Bronchial stenosis is present in up to 10% of patients and can be demonstrated on CT as bronchial narrowing at the anastomotic site. Bronchial stenosis can also be seen, although less frequently (5% of patients), after pulmonary sleeve wedge resection. Bronchomalacia involves the deterioration of bronchial elastic and connective tissue, resulting in airway collapse on expiration. It is identified on dynamic chest CT by a greater than 50% reduction, with some authors now suggesting a 70% reduction threshold in airway lumen diameter on expiration.
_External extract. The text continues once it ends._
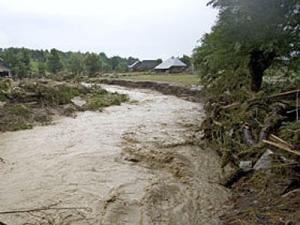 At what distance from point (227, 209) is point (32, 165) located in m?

Bronchiolitis obliterans syndrome (BOS) is the hallmark of chronic lung rejection. Developing 6 to 18 months postoperatively, BOS refers to the deterioration of graft function, with a progressive decline in forced expiratory volume in 1 second for which there is no other cause, such as infection, acute rejection, or anastomotic complications. BOS is thought to occur through immunologically mediated injury that begins with lymphocytic bronchiolitis and progresses to cause small airway scarring and obliteration. BOS incidence increases with time after transplantation and with increased episodes of acute rejection and cytomegalovirus infection. BOS occurs in a majority of lung transplant recipients surviving at least 3 years. BOS is the principal factor limiting long-term survival and accounts for 40% and 35% of deaths in adult and pediatric patients, respectively, after lung transplantation. Chest radiography is typically normal early in the disease; but late in the disease, it may show decreased peripheral vascular markings, slight volume loss, and subsegmental atelectasis. On chest CT decrease of lung attenuation and vascularity occurs in more than 80% of patients. Expiratory CT demonstrates air trapping and is useful for the early diagnosis of BOS. Other common CT findings are bronchiectasis and bronchial wall thickening ( Fig. 68.12 ).